Is BI ‘greenwashing’ climate change?

We generally think of “greenwashing” as exaggerated claims by corporations about supposedly sustainable and climate-friendly products. That’s unfair to companies that hold themselves to high standards.

President Biden is being urged to hold the greenwashers accountable by requiring proof of their sustainability and climate-friendly claims. Greenwashing, however, isn’t just a private sector thing. For proof, look no further than our supposedly climate-friendly and supposedly sustainable city of BI.

To be fair, COBI has embraced environmental sustainability over the past few years with such things as progressive tree protections, funding for a groundwater management plan, a new Climate Change Advisory Committee, a Climate Action Plan, a Sustainable Transportation Plan and measures to reduce plastic waste. But what has all of that added up to in terms of overall progress?

Protection for trees

Acres of trees, native vegetation and soils have been protected from wholesale clearing and grading by the city’s Aquifer Recharge Protection Area Requirement.
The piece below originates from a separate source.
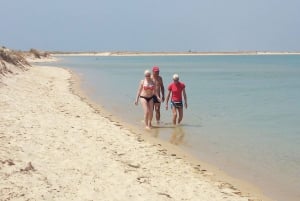 Passeio Barco na Ria Formosa 5H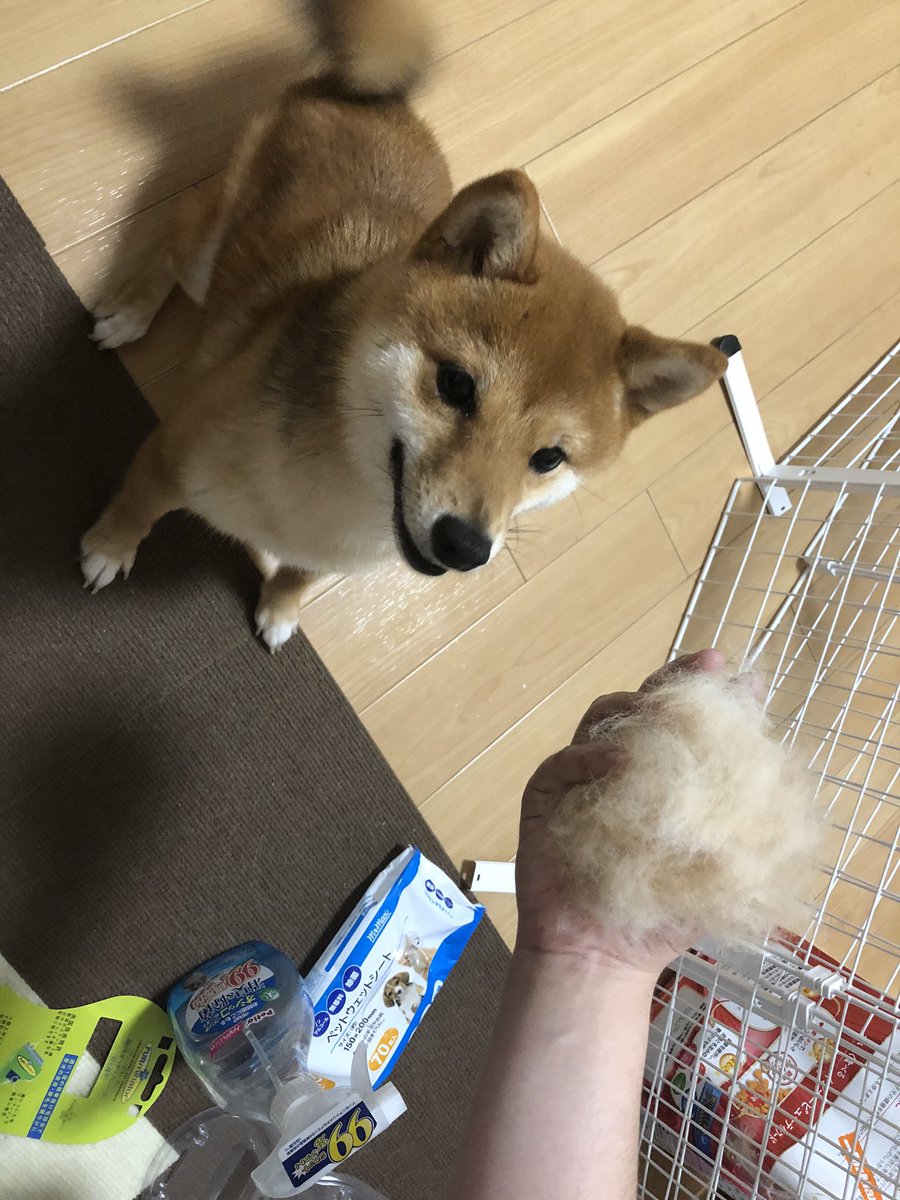 ルー豆柴 こまちゃんの抜け毛がすごい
Critical areas protections, in general, have measurable benefits but are too often weakened by inconsistent administration and loopholes like Reasonable Use Exceptions.
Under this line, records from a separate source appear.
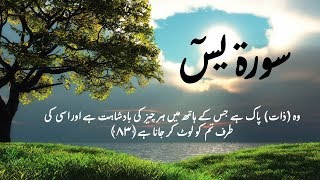 Surah Yaseen-Best Recitation Ever-The Final Revelation Mishary al Afasy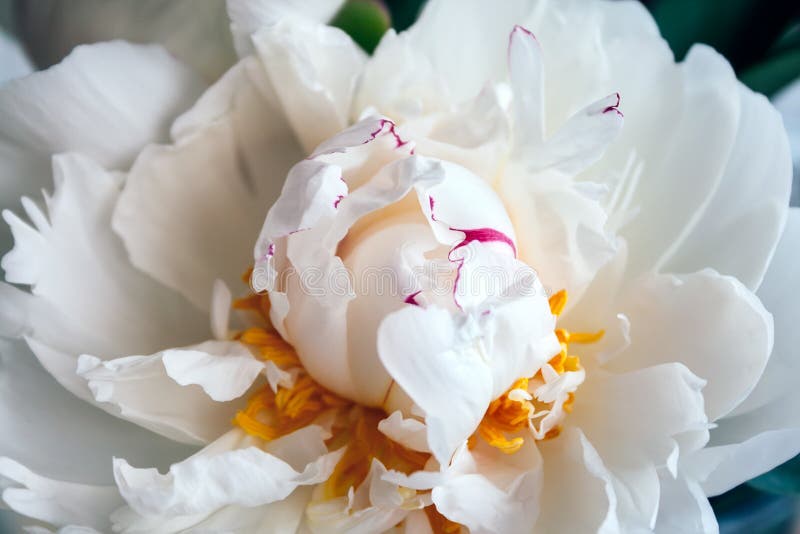 Stängningsvy för en lush vit peony i en mjuk, behaglig ton Den vackra blomman som gåva till semestern Bouquet royaltyfri foto Stängningsvy för en lush vit peony i en mjuk, behaglig ton Den vackra blomman som gåva till semestern Bouquet royaltyfri foto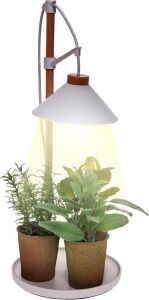 Mindful Design Tabletop Plant Grow Light with Timer, 300 Lumens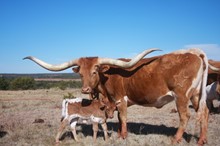 Seeasons Heifer Calf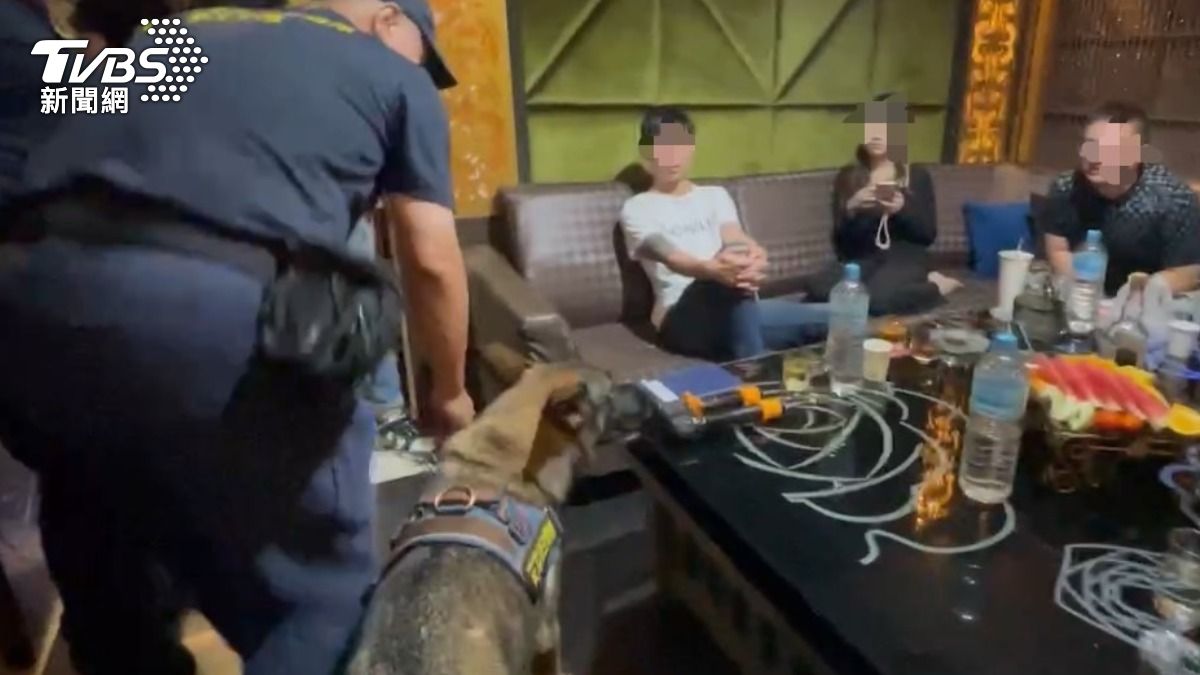 保三總隊警犬隊申請緝毒犬「WENDY」支援查緝勤務。（圖／TVBS）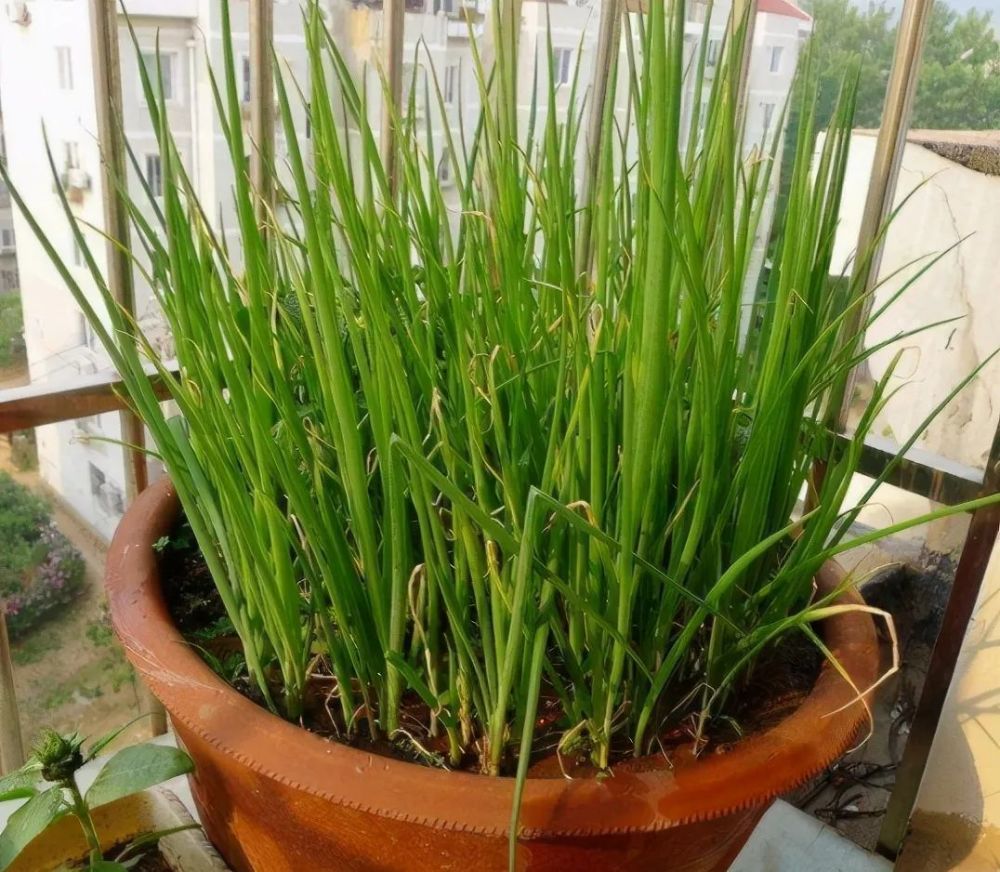 如何让"香葱"连续采收2年?做好这3点,葱苗都能"挤爆"盆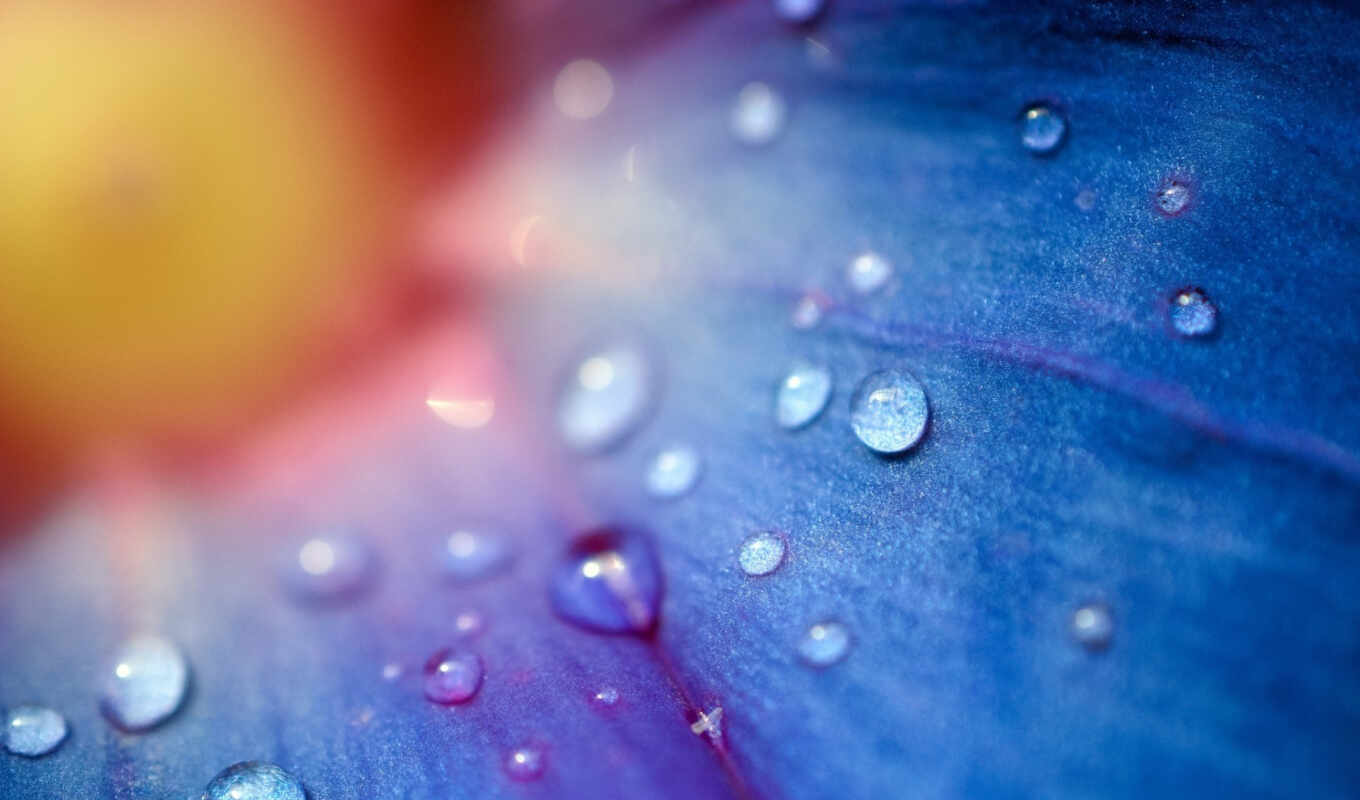 цветы, голубой, макро, flowers, drops, droplets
Groundwater Management Plan

In 2014 citizens called for a GWMP, and it became a high-priority action item in the 2016 comprehensive plan. Seen as one metric for measuring BI’s carrying capacity, with the potential to limit future growth, the city has done its best to delay development of the GWMP. Maybe BI’s GWMP will become an action item in the 2024 comprehensive plan.
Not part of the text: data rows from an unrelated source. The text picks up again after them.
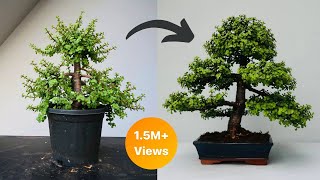 Making Dwarf Jade Bonsai Formal Upright Style  Repotting  Pruning  Wiring [upl. by Aleuname]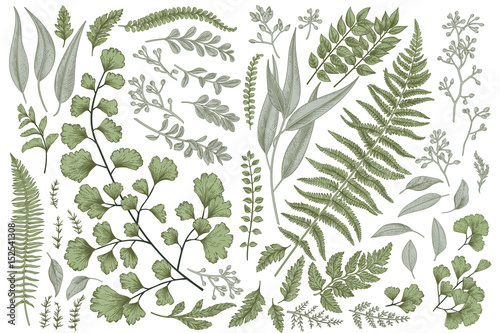 Set with leaves and ferns.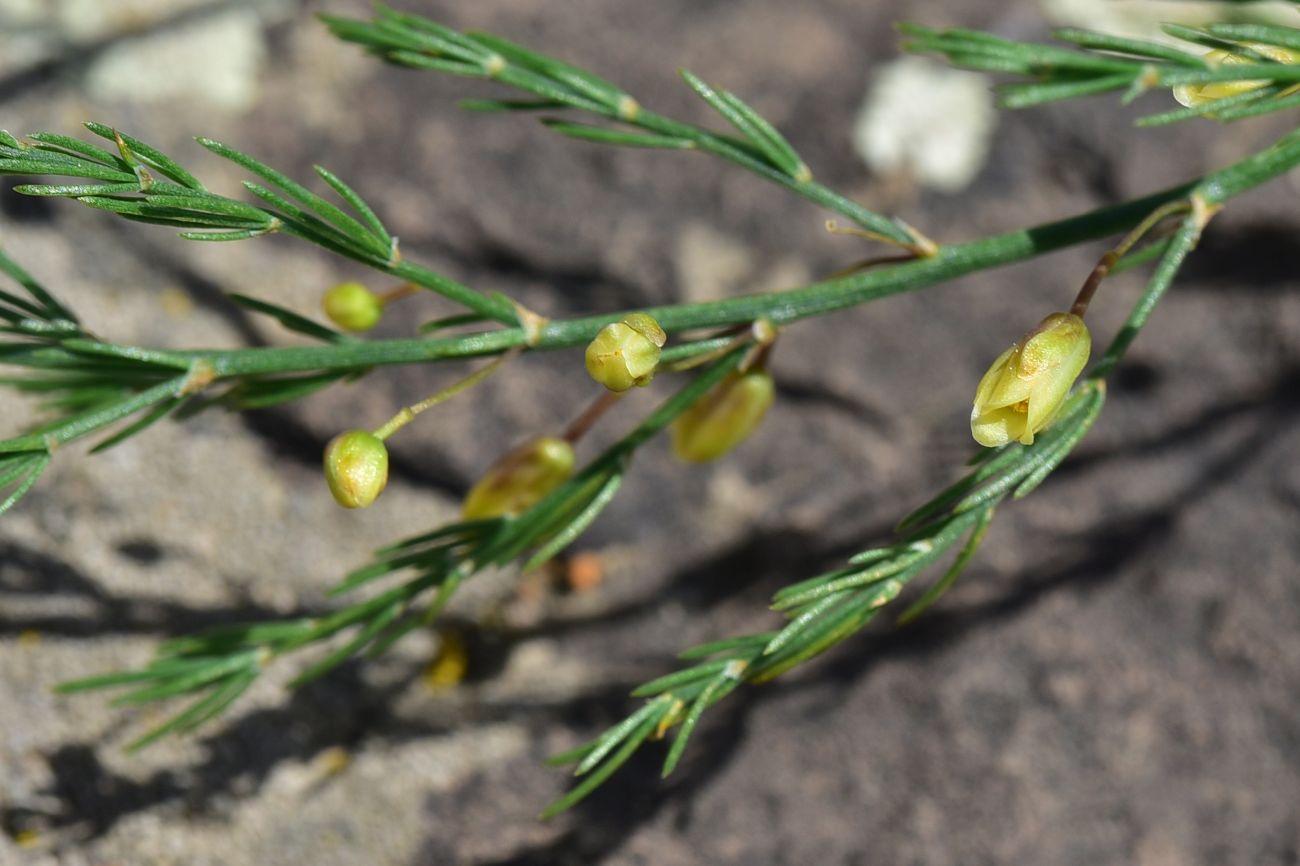 Изображение особи род Asparagus.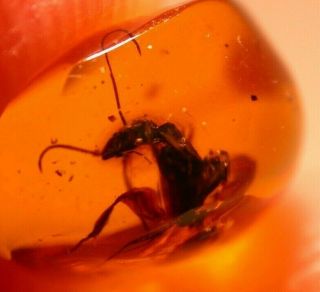 Very RARE Large Camponotus Ant in Authentic Dominican Amber Fossil Gem 8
Climate Change Advisory Committee

Created in 2017, the CCAC advises the city on such climate-related work as greenhouse gas emissions targets, the Climate Action Plan, and progress toward meeting targets. Recent work includes: 1) development of a climate lens; 2) Puget Sound Energy’s franchise agreement; 3) evaluating sea level rise; 4) a bio-digester, and; 4) measuring transportation projects emissions. All of this work checks a lot of climate boxes but after six years there’s no evidence it’s translated into an overall reduction of greenhouse gas emissions.

Climate Action Plan

An impressive document, CAP was authored by the CCAC and approved by the City Council in 2020. It lays out ambitious goals for reducing greenhouse gas emissions on BI: Reduce greenhouse gas emissions by 90% by 2045 compared to 2014 levels with interim milestones of 25% reduction by 2025 and 60% by 2035.

Given those goals are central to BI’s CAP, you might expect the 2022 Climate Action Plan Progress Report to provide an update on progress toward meeting them, but it doesn’t.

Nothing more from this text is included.